===== Information shown
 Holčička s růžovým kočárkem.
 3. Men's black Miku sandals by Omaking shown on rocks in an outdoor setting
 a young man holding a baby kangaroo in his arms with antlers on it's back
==========
===== Information shown
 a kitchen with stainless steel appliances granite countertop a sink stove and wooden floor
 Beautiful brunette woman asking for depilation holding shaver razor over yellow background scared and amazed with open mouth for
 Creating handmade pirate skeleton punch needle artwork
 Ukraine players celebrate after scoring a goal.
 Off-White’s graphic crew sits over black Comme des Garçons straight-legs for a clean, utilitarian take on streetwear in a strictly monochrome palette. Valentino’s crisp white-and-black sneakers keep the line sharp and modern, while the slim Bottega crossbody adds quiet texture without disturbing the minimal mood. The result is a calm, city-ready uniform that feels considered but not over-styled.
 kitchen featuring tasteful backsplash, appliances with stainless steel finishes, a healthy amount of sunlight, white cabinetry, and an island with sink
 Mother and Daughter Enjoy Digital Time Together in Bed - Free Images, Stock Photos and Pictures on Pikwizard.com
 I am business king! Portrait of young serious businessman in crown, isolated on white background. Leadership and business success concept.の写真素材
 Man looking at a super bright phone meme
==========
Your assignment: Your task is to retype the entries verbatim, starting with the line that holds "Creating handmade pirate" and stopping after the line that holds "Ukraine players celebrate".

Output for this exercise:
 Creating handmade pirate skeleton punch needle artwork
 Ukraine players celebrate after scoring a goal.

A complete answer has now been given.